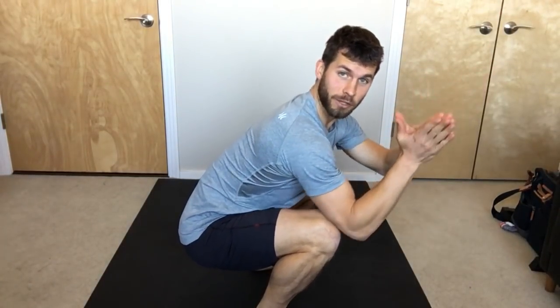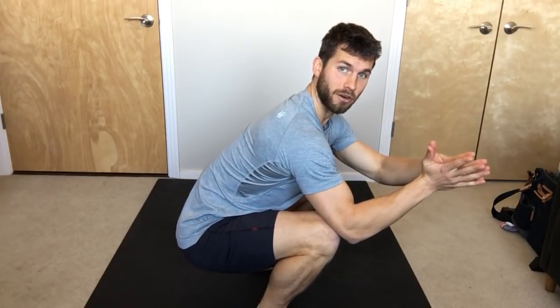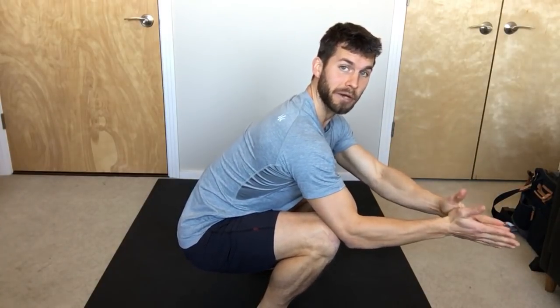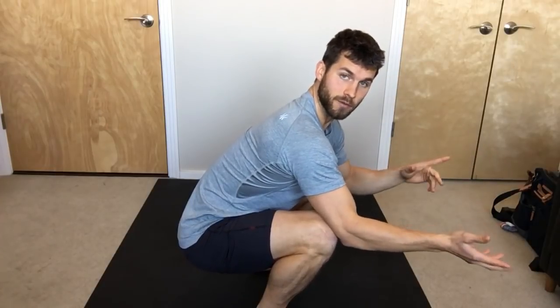Hey guys, it's Dean. I'm hosting a free squat challenge starting on Monday January 8th. This is going to be a fun challenge — every day we're just going to do a new variation of a squat, and you're going to learn some new variations of the squat.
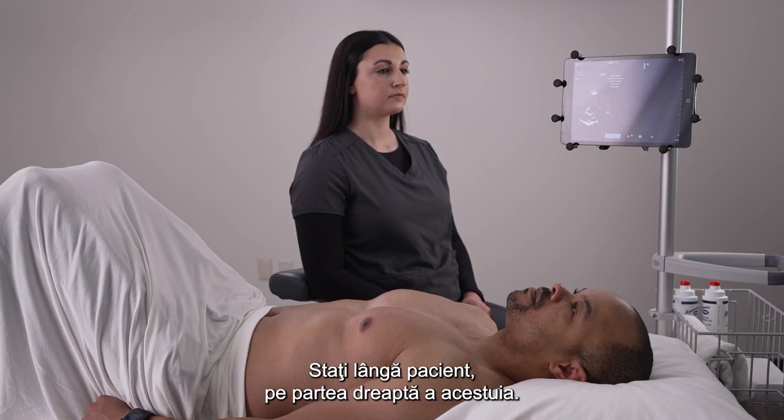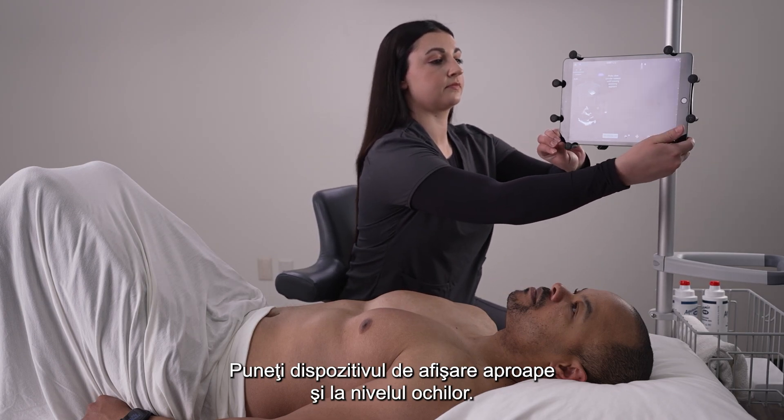Sit next to the patient on the right side. Place your display device within reach and at eye level.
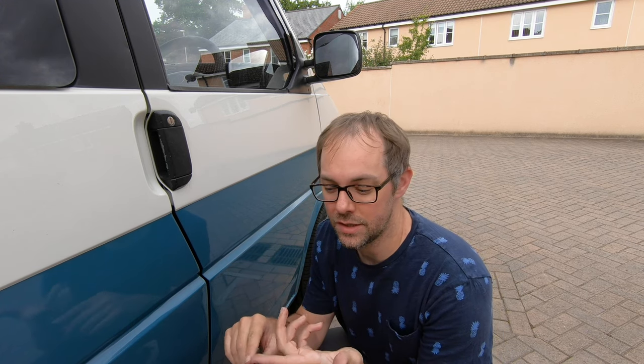Hi everyone. In this video we've got a few quick changes on the door. We're going to change out the window winders, we've got new door catches, and we've got some trim pieces to go over the grab handles. So let's have a look.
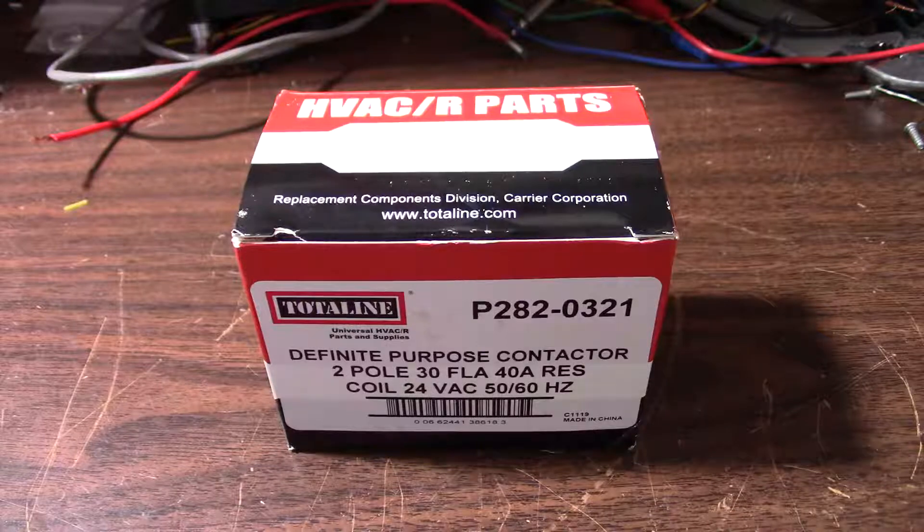Hey everyone. The other day I noticed my rusty old 1977 Lennox condenser unit was running even though the indoor air handler was off. So I needed to determine the reason why.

* ACTION ITEM: Using the data above, print every line exactly, omitting pictures.

* RESULT FOR THIS EXERCISE:
Hey guys, it's Dean. I'm hosting a free squat challenge starting on Monday January 8th. This is going to be a fun challenge — every day we're just going to do a new variation of a squat, and you're going to learn some new variations of the squat.
Sit next to the patient on the right side. Place your display device within reach and at eye level.
Hi everyone. In this video we've got a few quick changes on the door. We're going to change out the window winders, we've got new door catches, and we've got some trim pieces to go over the grab handles. So let's have a look.
Hey everyone. The other day I noticed my rusty old 1977 Lennox condenser unit was running even though the indoor air handler was off. So I needed to determine the reason why.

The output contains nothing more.